Marriage is not what our romantic times promise. It is changing. I think men who aren’t familiar with feminist literature who would read Spinster would find out a whole lot about women they didn’t know, unless they were good observers of women. And I don’t think most men are good observers. But then, I think most women are poor observers of men, even thought they think they are experts. I think we’re all deluded by our own view on things, and unless we read books like this one, seldom think about how other people see things.
Bolick doesn’t have children. She wants to be an editor and writer and ignored the traditional paths for wife and mother to pursue her ambitions. The book is about the consequences, among other things.
Spinster is also about learning from books. It’s a love letter to people that inspired and mentored Bolick through literary time capsules. I was very impressed with how Bolick studied the lives of women like her to plan her future.
I’ve had my eye on this book since reading an article on it but I’m waiting for it to get to paperback before I purchase. I like the questions it raises because I’ve often considered some of them. It seems that once a girl hits her late 20s, especially, she’s pushed to get married and form a family as if that’s should be her only goal. But I believe I have an option and that I don’t have to be united in marriage to be happy later on.
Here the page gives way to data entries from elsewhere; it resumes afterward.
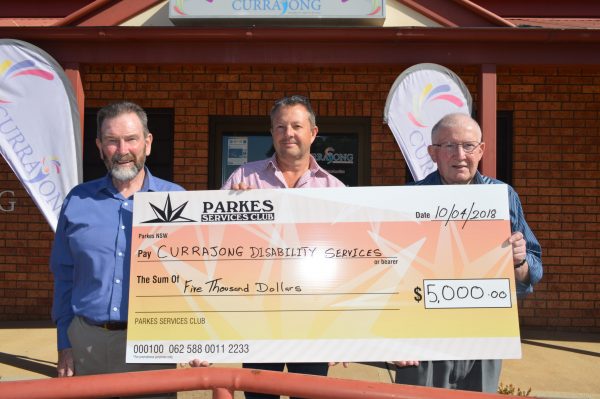 Parkes Services Club GM Denis Lane, Currajong CEO Jeff Evans and Parkes Services Club President Terry Knowles with the cheque donation.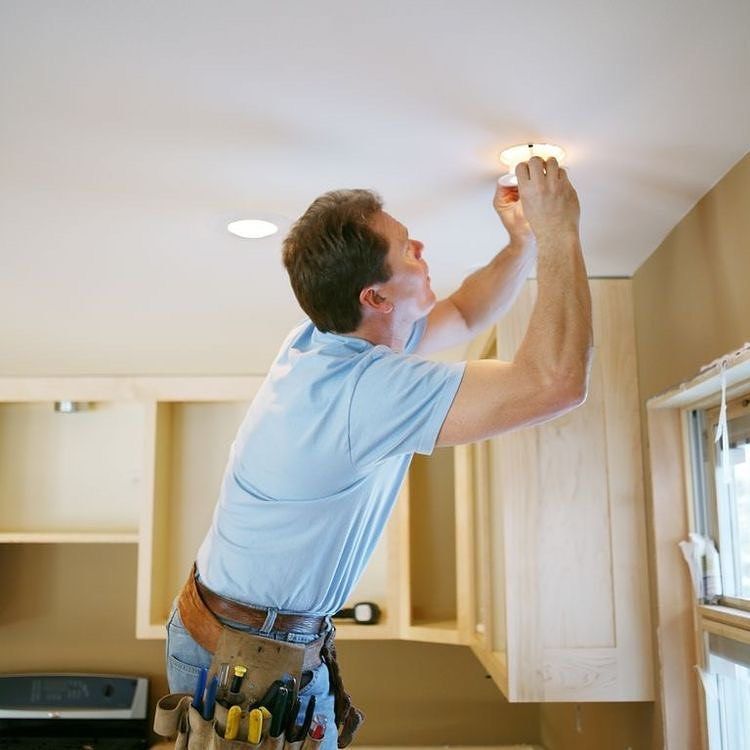 Electrician adjusting a ceiling light in a kitchen with wood cabinets
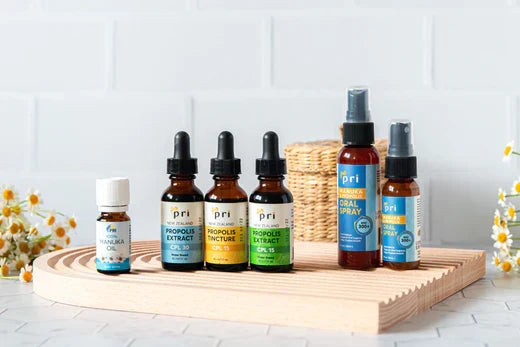 Group display of Manuka oil, propolis extract, and oral throat sprays on wooden tray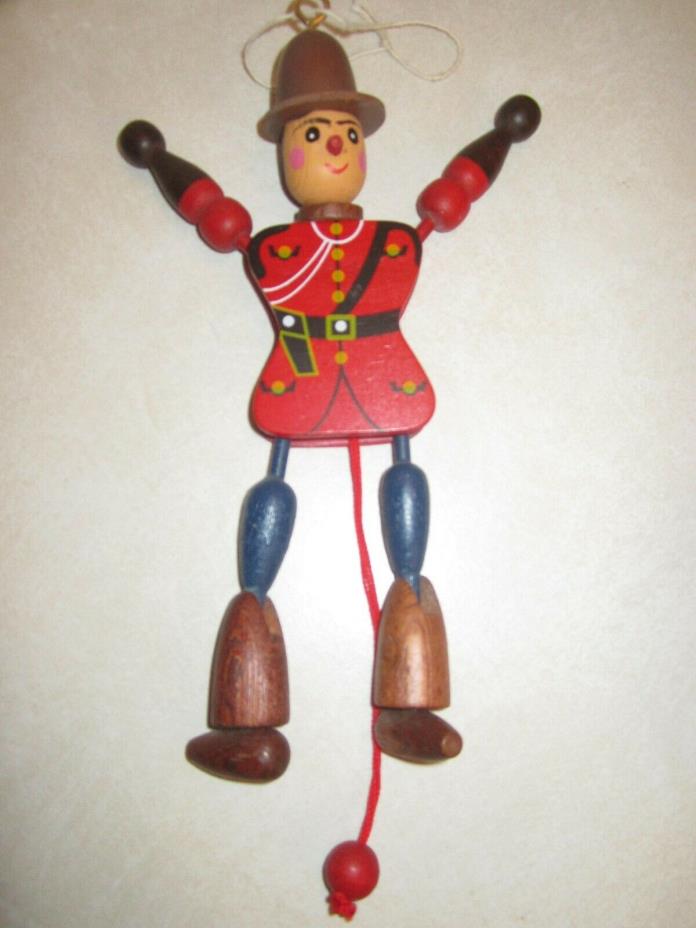 vintage wooden Canadian Mounty jumping-jack (marionette) string puppet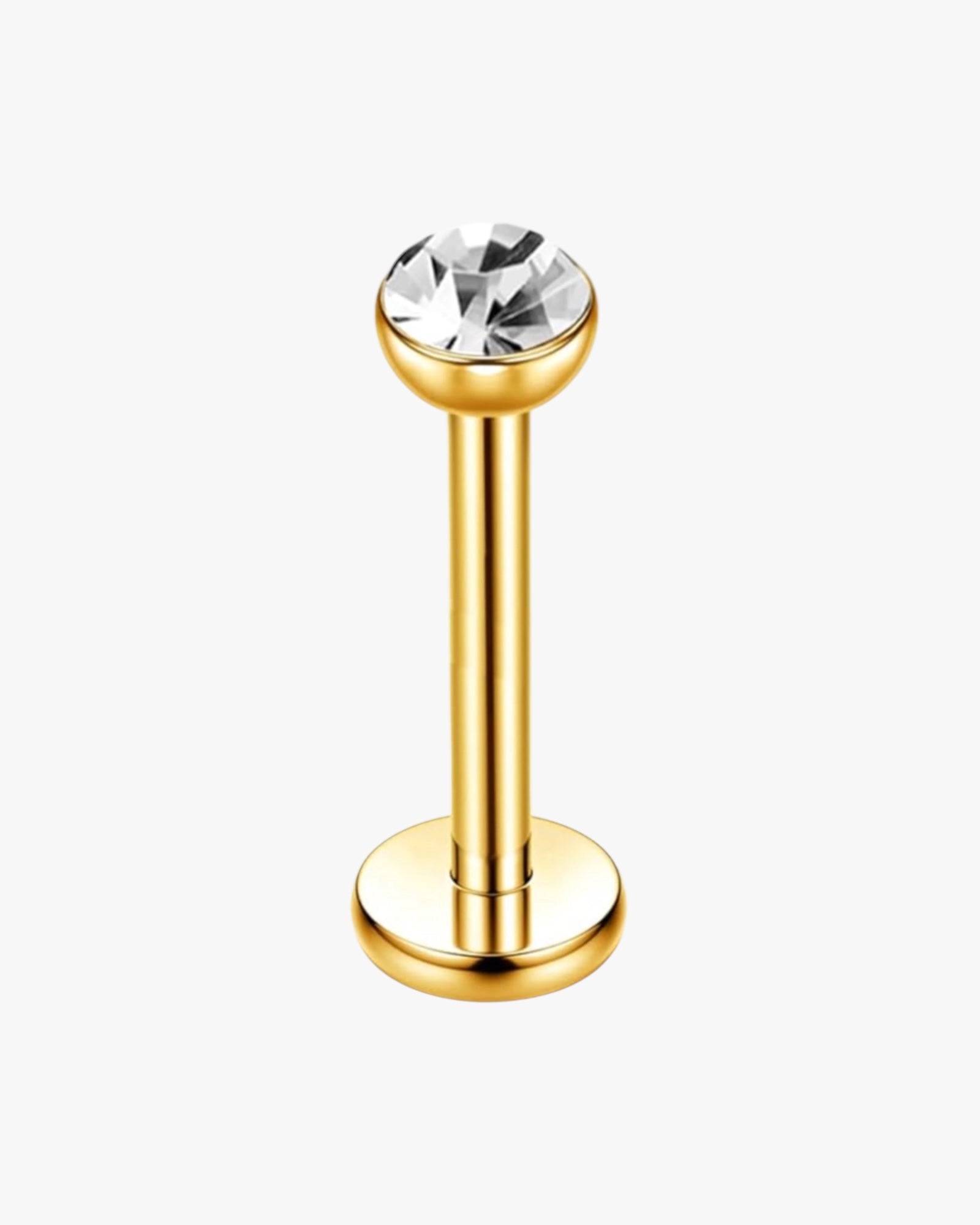A single gold-colored stud earring with a clear, round, titanium bar top.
I am one such woman who chose not to marry, but rather focus on a career and good quality of life. I observed my mother and her four sisters all got married by age 20, with varying results. Only one went on to have a successful career. But most importantly I observed my mother finding herself divorced by 25 with a child to see about and an ex who was no longer interested.
That made me determined to not have kids before I had a successful career and could afford to comfortably raise my kid/s on my own should the father walk away. It also made me want to complete a bucket list of experiences before settling down. I’ve accomplished both things now.
But I think the underlying key factor in me not marrying is that I never met anyone I actually wanted to marry. Most females are obsessed with their dream wedding and pretty much corral any male into the role of groom once he doesn’t resist too much. I however am looking for a true partner to share life with, and that has proven to be a monumental task. Most men I encounter want a female who is a combination of super fan and personal cheerleading squad, vixen and personal porn star, and celebrity/supermodel arm candy. They do not care about personality, character, morals, education, earning potential, etc. The shallowness I encounter is such a turn off. So I made up my mind in my late twenties, if I don’t find someone suitable to me I just won’t bother to get married. I earn more than most guys, I have a great social life and travel alot, have my own home etc….all I need a husband for is companionship and true sharing.